At UNO, the educational experience and academic capacity benefits from a remarkable faculty. Their scholarship and pedagogy reflect a forward thinking approach to modern challenges and opportunities. Their use of technology advances the boundaries of knowledge in new and emerging disciplines, and faculty add value to the curricula by collaborating in the community. The UNO experience is in many ways defined by our students who, upon graduation, are equipped for success in a 21st century global society. If we are to remain true to our educational values, then we must grow the capacity of our academic enterprise and sustain academic excellence, which cannot and will not be compromised.

The building of academic capacity is reflected throughout our campus community.
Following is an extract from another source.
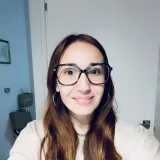 Johanna - profesor de español para extranjero - Puerto Vallarta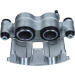 Maxgear | Bremssattel | 82-0528 Maxgear | Bremssattel | 82-0528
Examples include:

• New areas of academic study in Neuroscience and Information Technology Innovation have been recently approved along with a minor in Islamic Studies. Also, two new centers in Collaboration Science and Israel and Jewish Studies have received Board of Regents approval. It should be noted that the campus continues to study the alignment of academic programs and future workforce needs in the metropolitan area and beyond. Preliminary findings suggest that approximately 90% of UNO’s academic majors align with new job and replacement position demands through 2015. Still, reinvention of our educational programming capacity will be required as community and societal needs evolve and new disciplines emerge.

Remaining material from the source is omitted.